SUPPLIED RECORDS:

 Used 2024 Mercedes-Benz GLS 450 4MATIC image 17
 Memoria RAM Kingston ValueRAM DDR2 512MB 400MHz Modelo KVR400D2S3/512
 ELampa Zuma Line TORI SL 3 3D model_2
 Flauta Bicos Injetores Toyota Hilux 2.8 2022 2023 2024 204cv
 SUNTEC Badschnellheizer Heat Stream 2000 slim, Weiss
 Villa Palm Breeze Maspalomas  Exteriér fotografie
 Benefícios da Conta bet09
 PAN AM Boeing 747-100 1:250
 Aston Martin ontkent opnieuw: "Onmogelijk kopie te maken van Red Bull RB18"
...
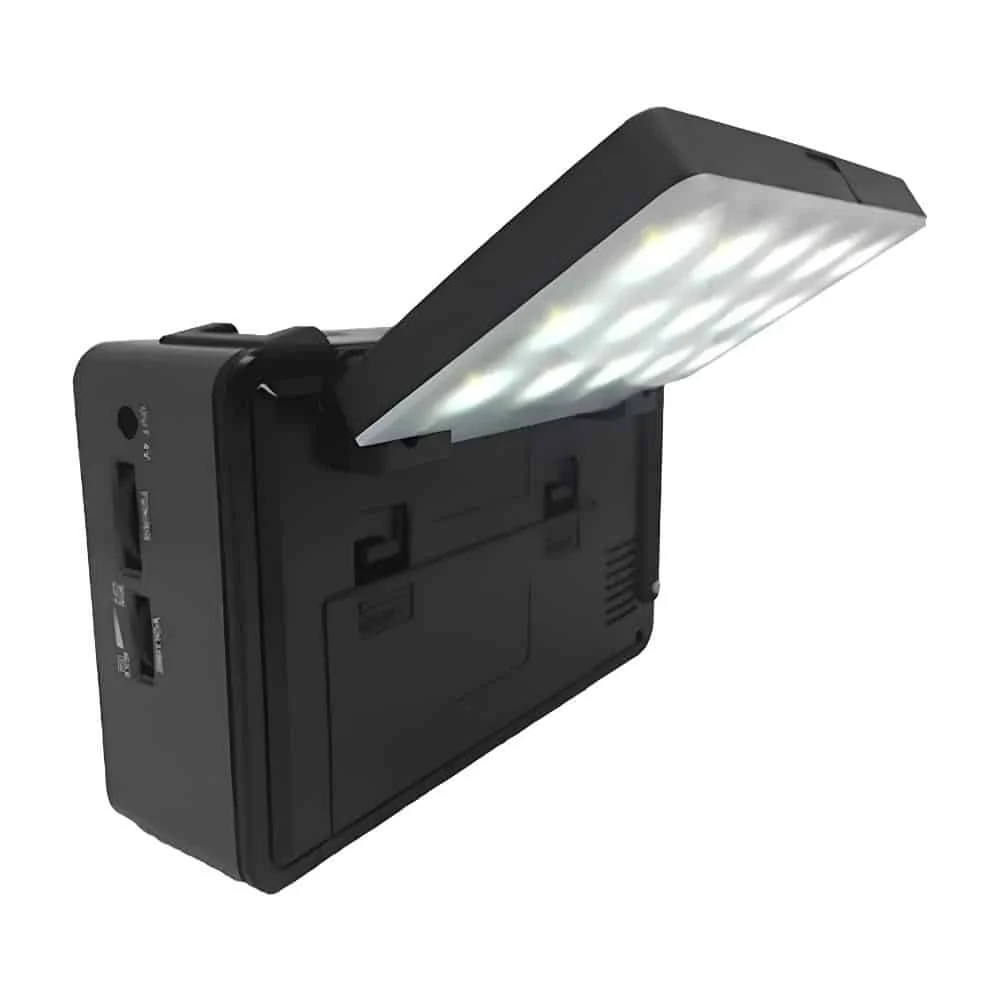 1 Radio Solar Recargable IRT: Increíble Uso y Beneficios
---
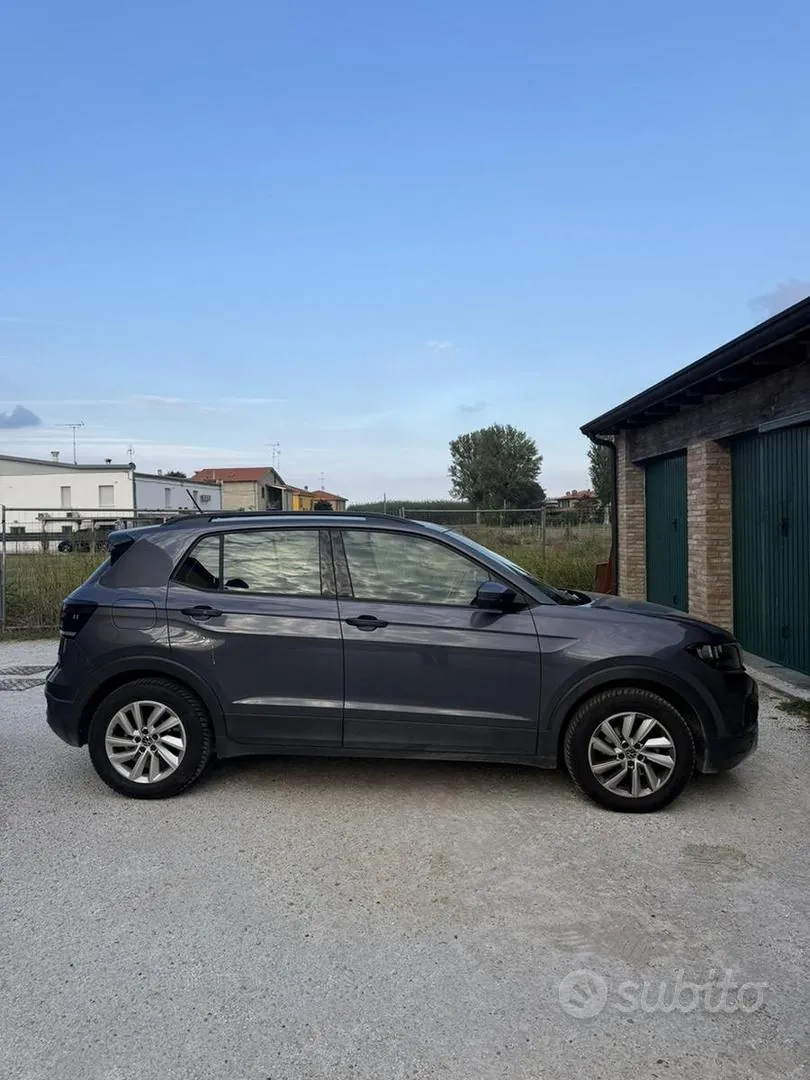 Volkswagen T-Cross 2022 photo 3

ACTIVITY: Find "Memoria RAM Kingston" in the entries above and copy that whole line exactly, then each line after it through the line that contains "SUNTEC Badschnellheizer Heat".

TASK SOLUTION:
 Memoria RAM Kingston ValueRAM DDR2 512MB 400MHz Modelo KVR400D2S3/512
 ELampa Zuma Line TORI SL 3 3D model_2
 Flauta Bicos Injetores Toyota Hilux 2.8 2022 2023 2024 204cv
 SUNTEC Badschnellheizer Heat Stream 2000 slim, Weiss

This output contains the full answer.